Exclude the pictures; give every entry again exactly as written.

↓↓↓

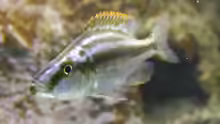 dimidichromis compressiceps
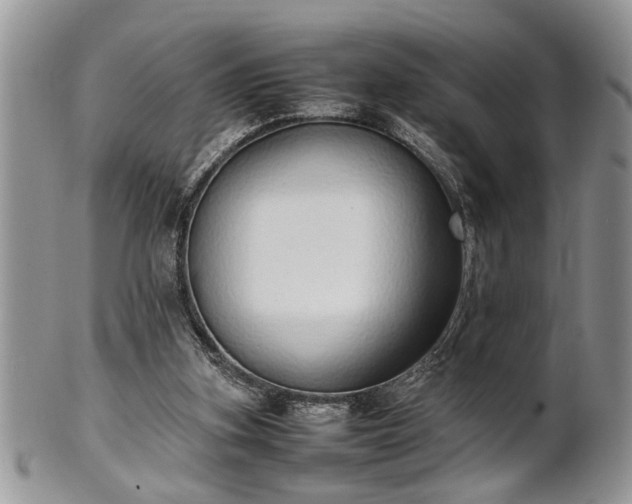 X0000102260155200808011413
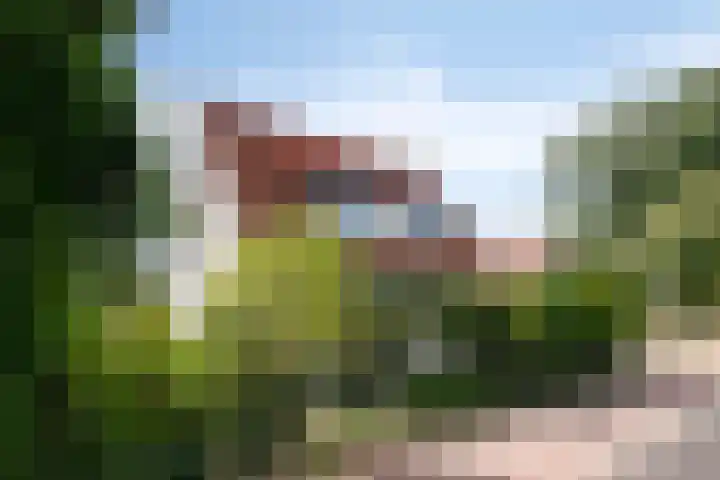 Sluisjesdijk 48 Piershil thumbnail 67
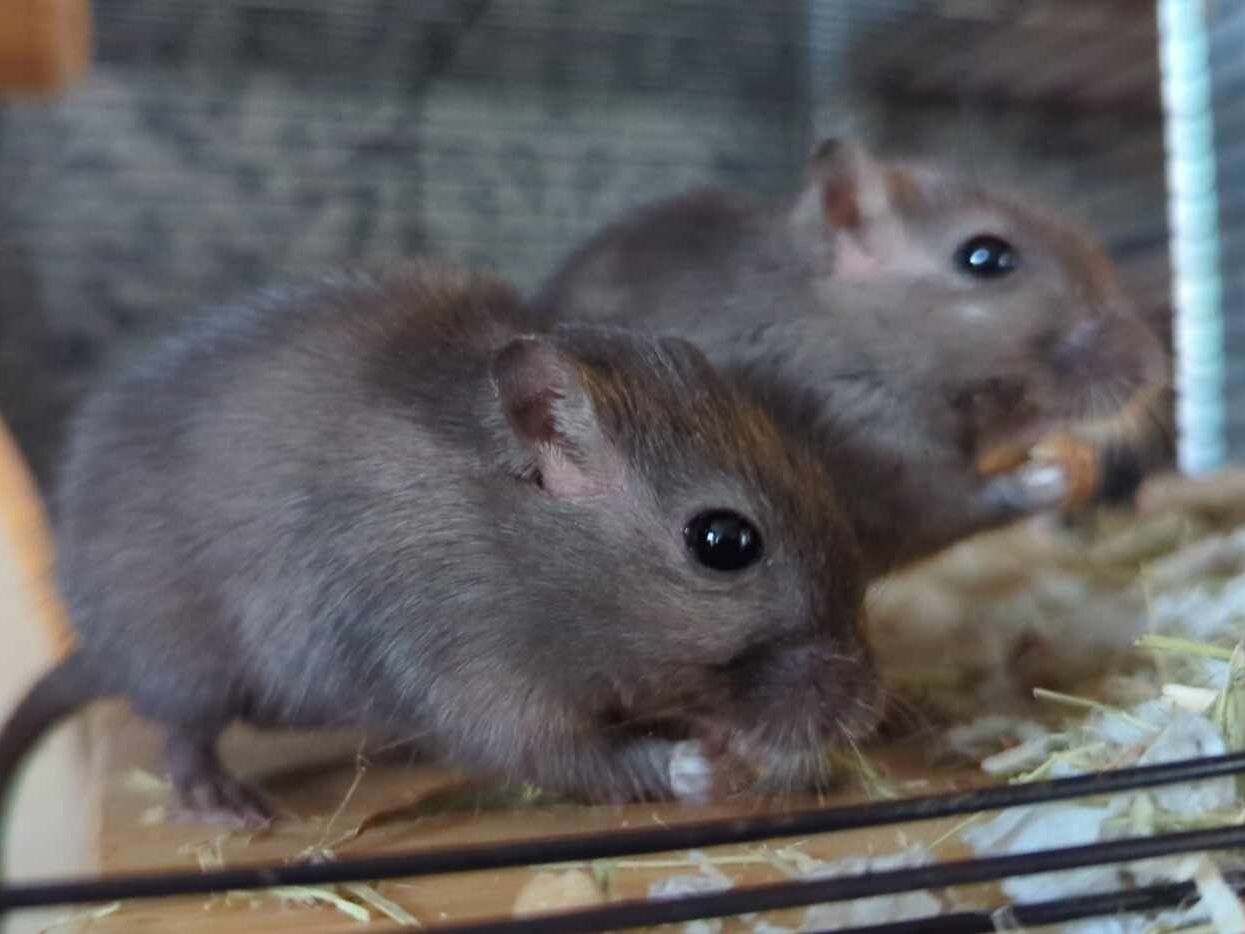 ELAINE & JANICE - GERBILS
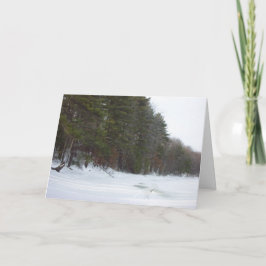 地球の平和 シーズンカード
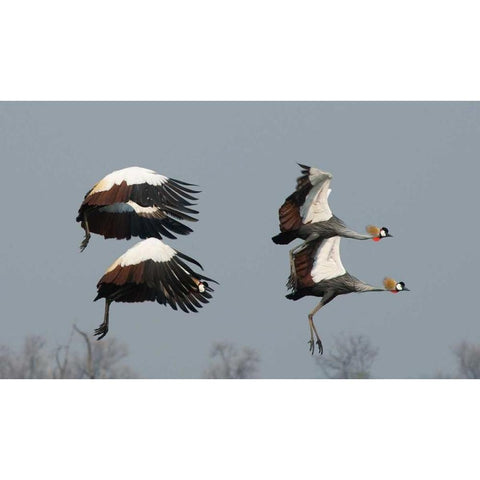 Crested Cranes Gold Ornate Wood Framed Art Print with Double Matting by Bennion, Scott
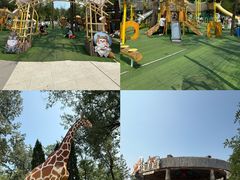 -南戴河国际娱乐中心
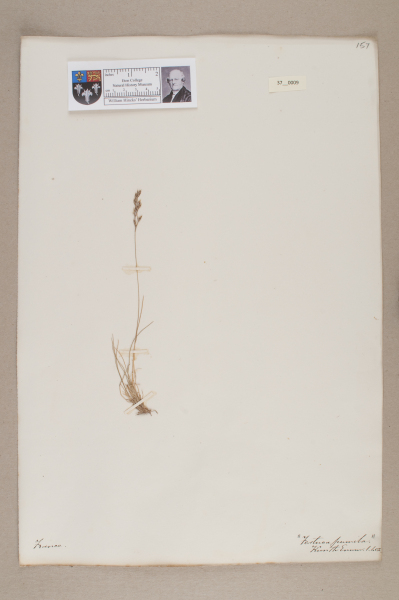 NHM_HH_37.9-2010 image NHM_HH_37.9-2010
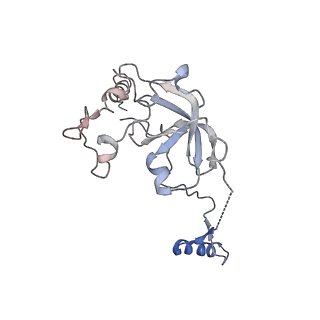 11641_7a5f_a6_v1-0
Structure of the stalled human mitoribosome with P- and E-site mt-tRNAs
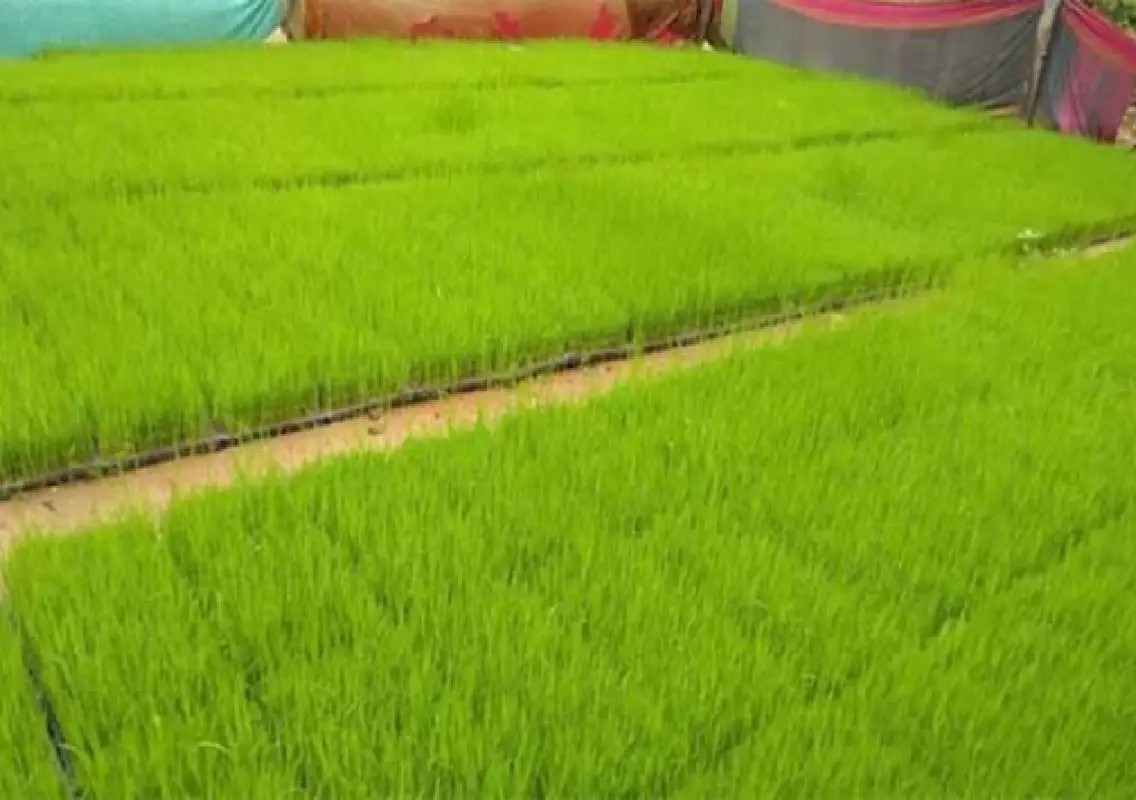 Karnataka urges paddy farmers to enrol in crop insurance scheme - News Karnataka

↑↑↑

## Answer
 dimidichromis compressiceps
 X0000102260155200808011413
 Sluisjesdijk 48 Piershil thumbnail 67
 ELAINE & JANICE - GERBILS
 地球の平和 シーズンカード
 Crested Cranes Gold Ornate Wood Framed Art Print with Double Matting by Bennion, Scott
 -南戴河国际娱乐中心
 NHM_HH_37.9-2010 image NHM_HH_37.9-2010
 11641_7a5f_a6_v1-0
Structure of the stalled human mitoribosome with P- and E-site mt-tRNAs
 Karnataka urges paddy farmers to enrol in crop insurance scheme - News Karnataka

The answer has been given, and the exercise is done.